Instructions for the task:
Return all of the data below verbatim and exclude every picture.

Extracted data:

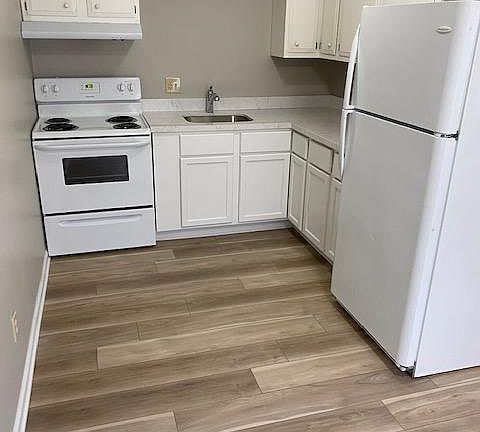Kitchen with all new appliances, and flooring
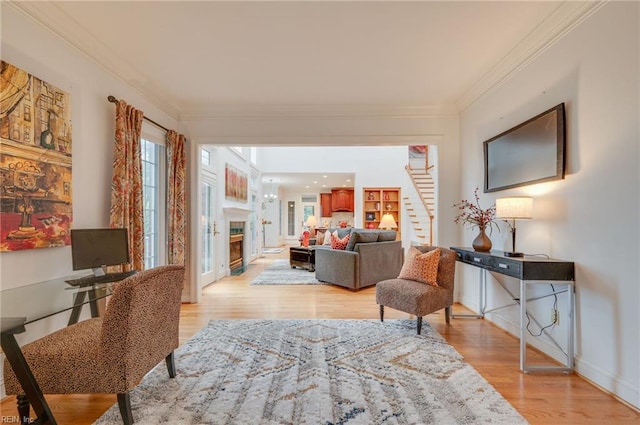 sitting room featuring light hardwood / wood-style flooring and ornamental molding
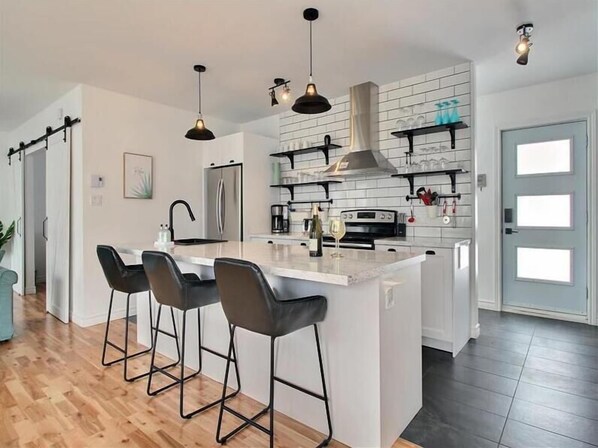 Fridge, stovetop, dishwasher, coffee/tea maker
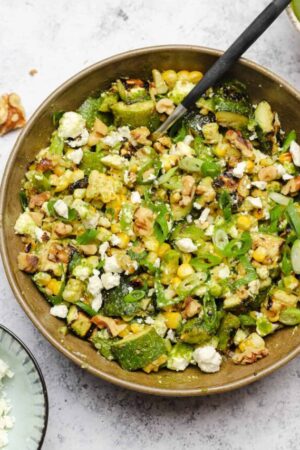 Grilled corn and zucchini salad with feta cheese and basil vinaigrette.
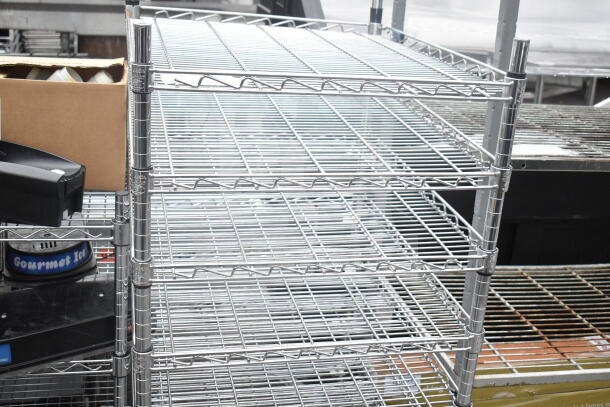 Chrome finish 8 tier wire shelving unit in good condition. Buyer must dismantle. Consider freight charges.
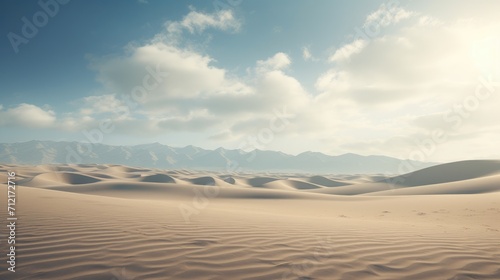 Rippled sand dunes in a desert landscape with a mountain and cloud background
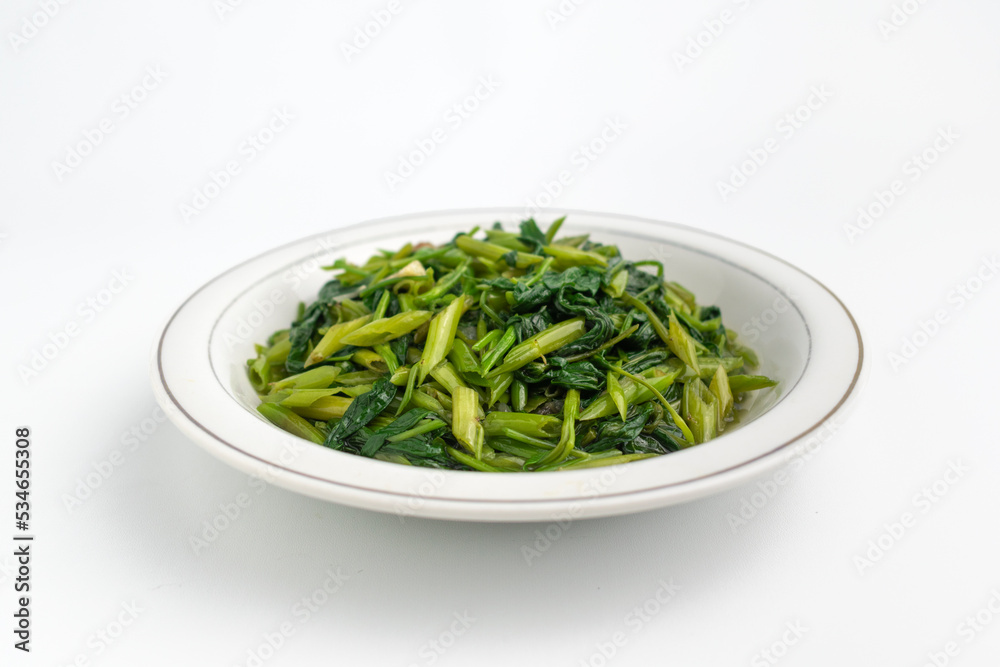 stir fried water spinach vegetable or Tumis Kangkung on white plate isolated on white background stir fried water spinach vegetable or Tumis Kangkung on white plate isolated on white background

Solved problem:
Kitchen with all new appliances, and flooring
 sitting room featuring light hardwood / wood-style flooring and ornamental molding
 Fridge, stovetop, dishwasher, coffee/tea maker
 Grilled corn and zucchini salad with feta cheese and basil vinaigrette.
 Chrome finish 8 tier wire shelving unit in good condition. Buyer must dismantle. Consider freight charges.
 Rippled sand dunes in a desert landscape with a mountain and cloud background
 stir fried water spinach vegetable or Tumis Kangkung on white plate isolated on white background stir fried water spinach vegetable or Tumis Kangkung on white plate isolated on white background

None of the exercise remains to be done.